From the reviews:
"Fortunately Graham Swinerd, reader in astronautics at the University of Southampton, has penned... a maths-free guidebook... if only all popular science books were as clearly presented!" (Four out of five stars, Sean Blair, Sky at Night Magazine, May 2009)
"There is a great deal of useful information that you do not find readily elsewhere and given the rather dry nature of the subject, the book is written in a lucid and engaging style that makes enjoyable reading..." (Robin Flegg, Astronomy Now, May 2009)
"Aimed at non-technical readers, the book requires ‘no prior knowledge’. … The core of the book includes discussion of the various spacecraft subsystems, such as power, propulsion and communications, and a commentary on design. … The book makes reference to ‘Star Trek’, warp drive and the space elevator, but only by way of populist garnish." (Mark Williamson, IET Knowledge Network, May, 2009)
"This work is a basic introduction to spacecraft (mainly satellite) engineering … . The material in this volume should be accessible to any undergraduate who has taken introductory courses in math and physics. … This work is so fundamental and relevant to the modern world that it will be important for all libraries serving undergraduates. Summing Up: Highly recommended. General readers, lower- and upper-division undergraduates, graduate students, and two-year technical program students." (A. M. Strauss, Choice, Vol. 46 (8), April, 2009)
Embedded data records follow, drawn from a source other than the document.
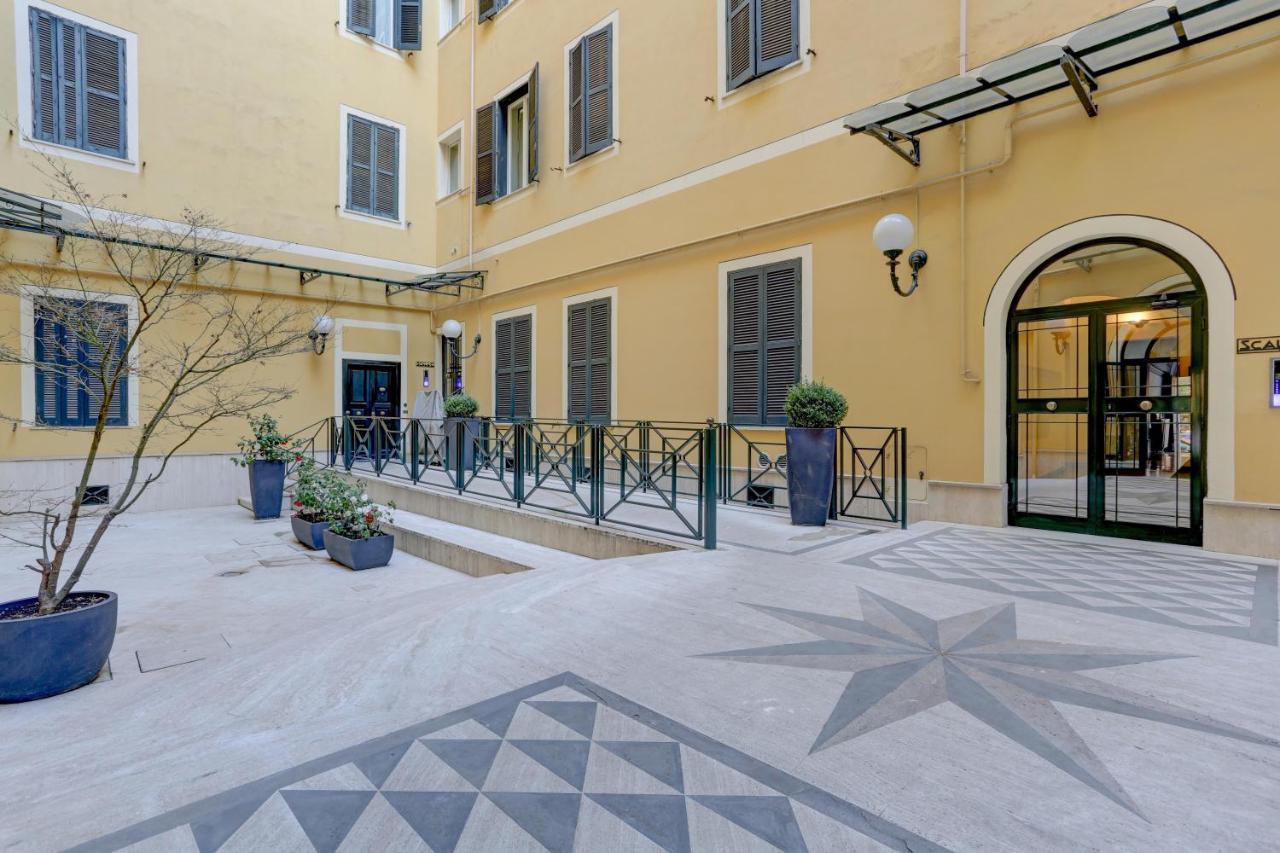 Colosseo Green Park - Home And More ローマ エクステリア 写真
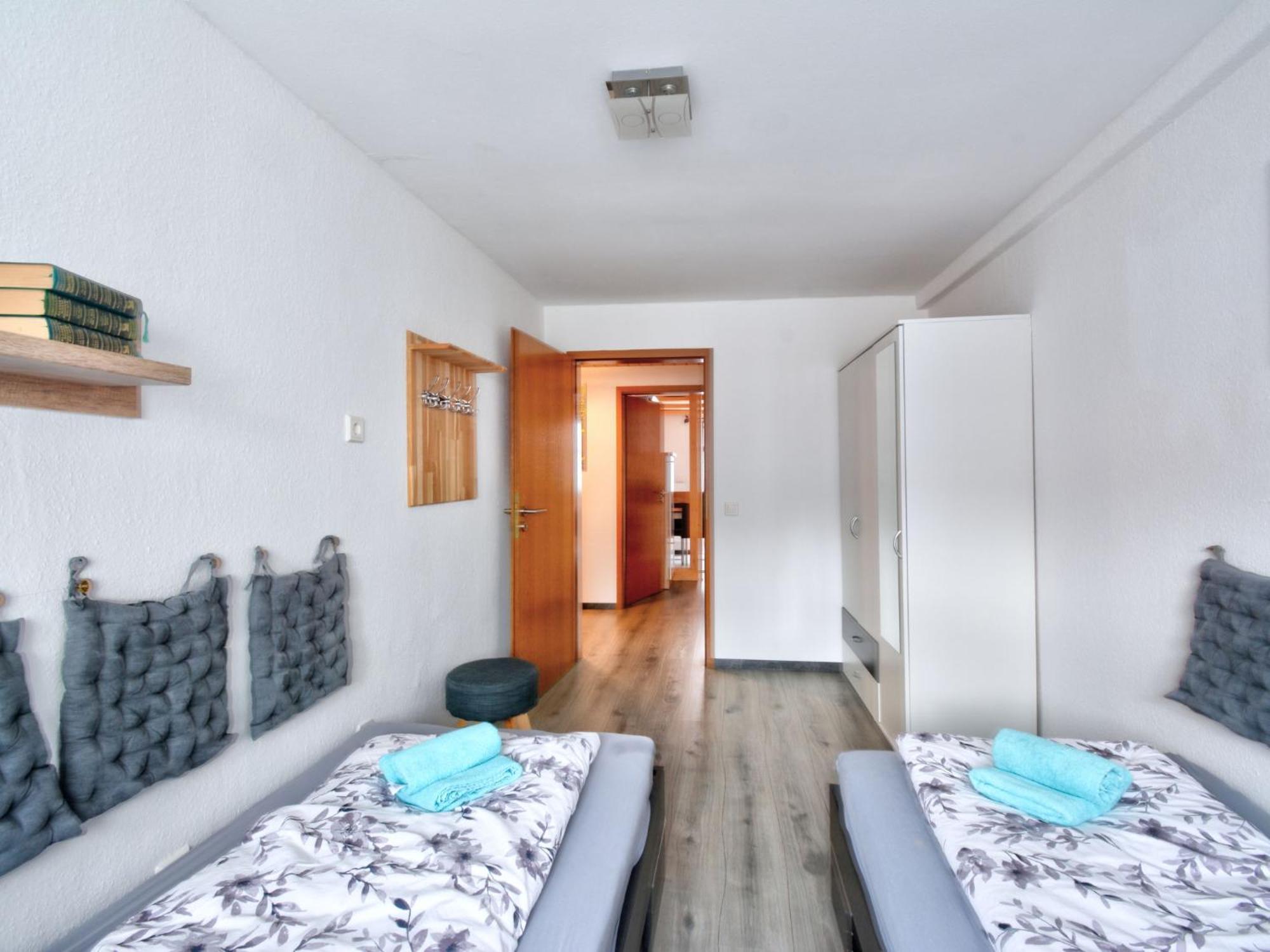 Apartment Born 2 By Interhome Schieder-Schwalenberg Extérieur photo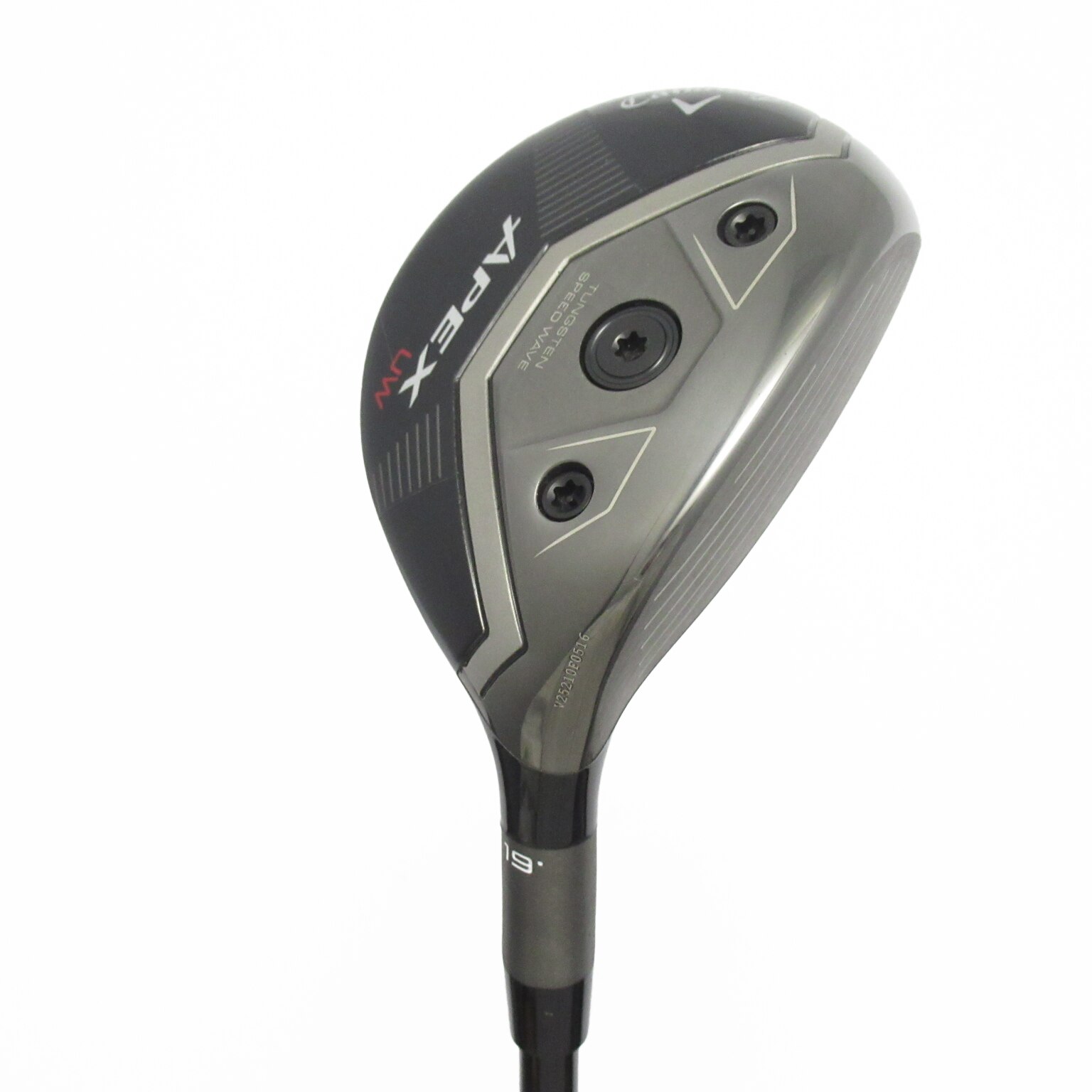 中古】APEX UW(2025) ユーティリティ TENSEI BLACK SILVER 70 for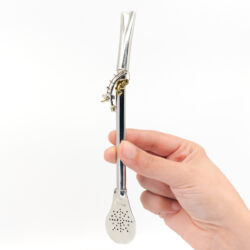 Bombilla Pescador - Edición Limitada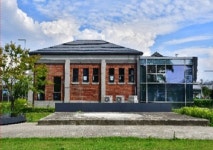 ‘조치원 문화정원’, 세종 1호 우수건축자산 등록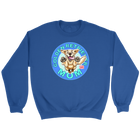 Golden Retriever Mom Crewneck Sweatshirt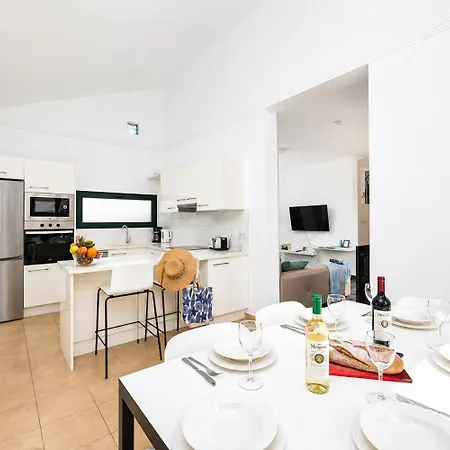 Aruba Villa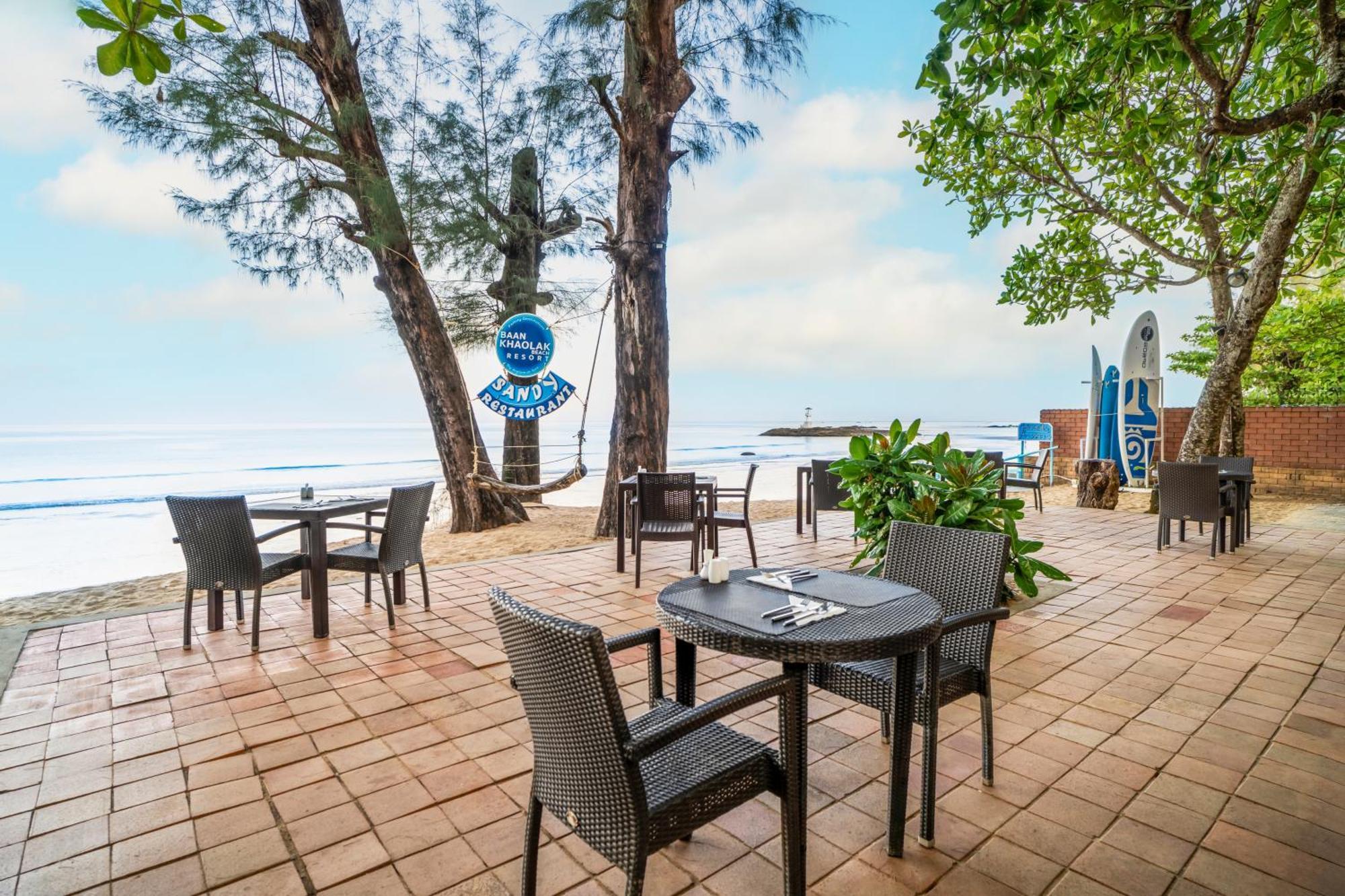 Baan Khaolak 4*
"The book concentrates on fundamental topics such as types of orbits, forces influencing orbits … and the multitude of systems and subsystems associated with spacecraft design. … This is certainly an interesting and highly readable volume which offers one of the best introductions to spacecraft engineering … . In conclusion, the author expresses the hope ‘that this book will play a … part in inspiring young people to get involved in space science and engineering’ — a hope that I heartily endorse." (Peter Bond, The Observatory, Vol. 129 (1212), October, 2009)
“The challenge of making rocketry and spaceflight understandable to the layman is … addressed by Professor Swinerd in this new and attractively produced book. … Written in a friendly style and extensively illustrated with images and graphics the book is well structured and indexed. … For the non specialist, as well as the non technical, this is a novel and interesting starting point for an armchair journey into space.” (Pat Norris, The Aeronautical Journal, July, 2009)
From the Back Cover
About half a century ago a small satellite, Sputnik 1, was launched. The satellite did very little other than to transmit a radio signal to announce its presence in orbit. However, this humble beginning heralded the dawn of the Space Age. Today literally thousands of robotic spacecraft have been launched, many of which have flown to far-flung regions of the Solar System carrying with them the human spirit of scientific discovery and exploration. Numerous other satellites have been launched in orbit around the Earth providing services that support our technological society on the ground.
How Spacecraft Fly: Spaceflight Without Formulae by Graham Swinerd focuses on how these spacecraft work. The book opens with a historical perspective of how we have come to understand our Solar System and the Universe. It then progresses through orbital flight, rocket science, the hostile environment within which spacecraft operate, and how they are designed. The concluding chapters give a glimpse of what the 21st century may hold in terms of human exploration of the Solar System and more futuristic propulsion technologies for interstellar travel.
Graham Swinerd invites you to understand "how spacecraft fly," while becoming a convincing rocket scientist along the way!